APEC開催を機に突然浮上したTPP(環太平洋連携協定)。
参院選を前に突然「消費税上げ」を言い出した時と同じ菅氏の悪い癖。
TPPに参加するということは、例外なく「関税0」に突き進むということであり、米や乳製品など高い関税によって、維持されている農業関係者は大反対。
自動車や電機といった輸出大企業=経団連の意向が強く働いているであろうことは素人にもわかるこの論議。
日本の農業が今のままでいいとは誰も思わない。だがどうしていくべきかはそれこそ「熟議」しなくてはいけない。
TPPをどこよりも望んでいるアメリカのご機嫌取りだけのために参加を決めることではないはず。
以前、NHKは教育テレビで「なぜ希望は消えた」というタイトルで、第二次大戦後の、農水省主導の「農業政策」の歴史を、山形県の農村を例に考える番組を放映した。
大地主から実際に耕作する農業者に農地を配分する「農地解放」を断行したのはアメリカ占領軍だったが、60年、農水省は、農業の大規模化により、農業所得の倍増をめざすとして、「農業基本法」を打ち出した。
山形のこの村では、村挙げて耕地整理に取り組み4年間で集落農地を機械耕作ができるように作り変えた。
たしかに東北地方をバス旅行したりすると、見事に「圃場整備」ができていて、それはこの60年代から始まった「土地改良事業」の結果だったのだ。

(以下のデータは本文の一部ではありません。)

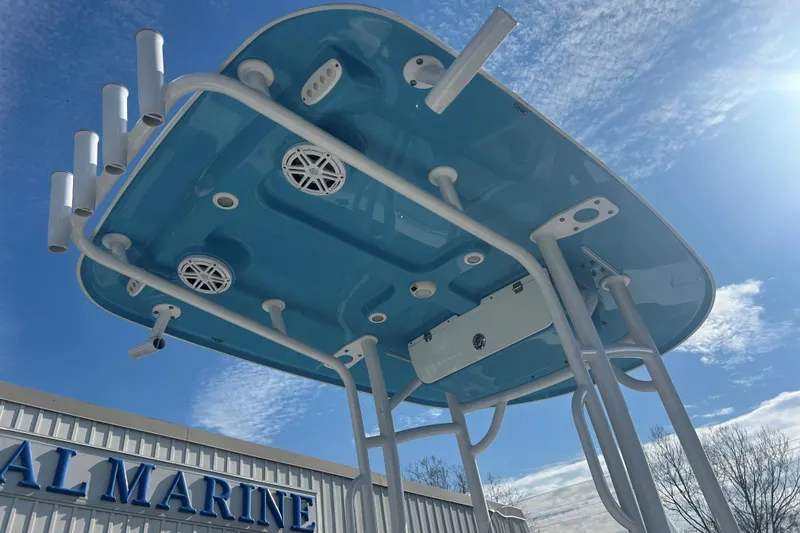 Slide: The Image of 2020 Sportsman Heritage 231 Center Console T-top against blue sky background. - 6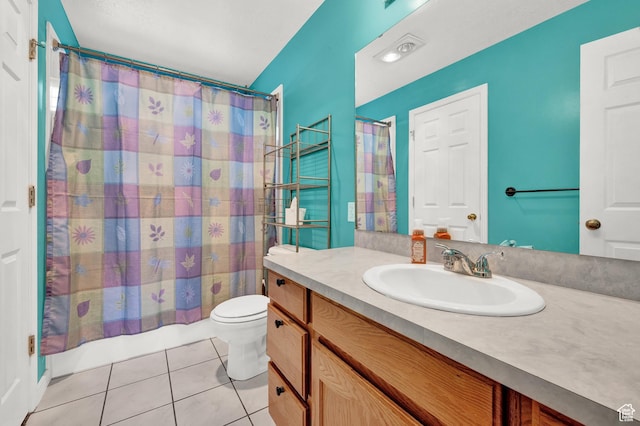 2778 W 5400 S, Roy, UT 84067 - bathroom with vanity, tile patterned flooring, and toilet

だが大規模化は進まなかった。意欲ある、後継者のいる農家に農地を譲り、それ以外には「挙家離農」を促し、工場労働などの都市労働に移行してもらうというもくろみだったが、圃場整備の済んだ耕しやすい田畑を手放す農家はなかった。
作りやすく、価格が保障されている米だけを作り、後の時間を出稼ぎや、近隣に進出してきた工場などに勤めて現金収入を得る「兼業農家」が農村の姿となった。
耕地整理の済んだ農地は水路や道路が整い、住宅地に転用しやすく、サラリーマン生活になじんだ農家の中から、住宅地として土地を手放す者が増加するようになる。小学校の周辺から宅地に変わっていった様子がCGで示された。
60年代後半、宅地転用を抑制するための「調整区域」を設ける新都市計画法を策定するが、工業生産が飛躍的に伸びていった「高度経済成長時代」に入り、豊かな生活を国民が手にして行く中で、米だけをおなかいっぱい食べれば満足という時代ではなくなったことと、機械化、化学肥料の投入により「コメあまり」となっていく。
ここからは、減反、工業製品輸出と引き換えの農産物市場解放の要求を徐々に呑んでいかざるを得ず、「防戦一方」の日本農業になっていく。
農業従事者の高齢化による耕作放棄は日本の国土を荒廃させ、その影響は土砂災害やクマの出没という形で現れ始めている。
しかし安い外国からの輸入品を食べればいいじゃないかというわけにはいかないのだ。
日本に農産物関税0を迫っているアメリカの大規模農業、畜産業には国からの多額の補助金が入っている。
そして「動物工場」と呼ばれるアメリカの大規模畜産業の実態は恐るべきもので、この動物虐待から「人類の滅亡」は始まると思わせるに充分だ。
豚は狭く、換気の悪い小屋に押し込められ、排泄物の悪臭、質の悪いエサ、周辺の地域も環境汚染が進み、川の魚は死んでいく。
豚や鶏が原因の感染症は、このまま見過ごしていれば、確実に人類を蝕んで行く。
そんな安いかもしれないけど、汚染された、動物達の呪いの塊のような肉を使ったハンバーガーや牛丼を食べるのは、貧しい人々というわけだ。
「経済成長」「経済成長」と、叫び、滅びの道に人々を追い込む資本家や政治家のワナにはまってはいけない。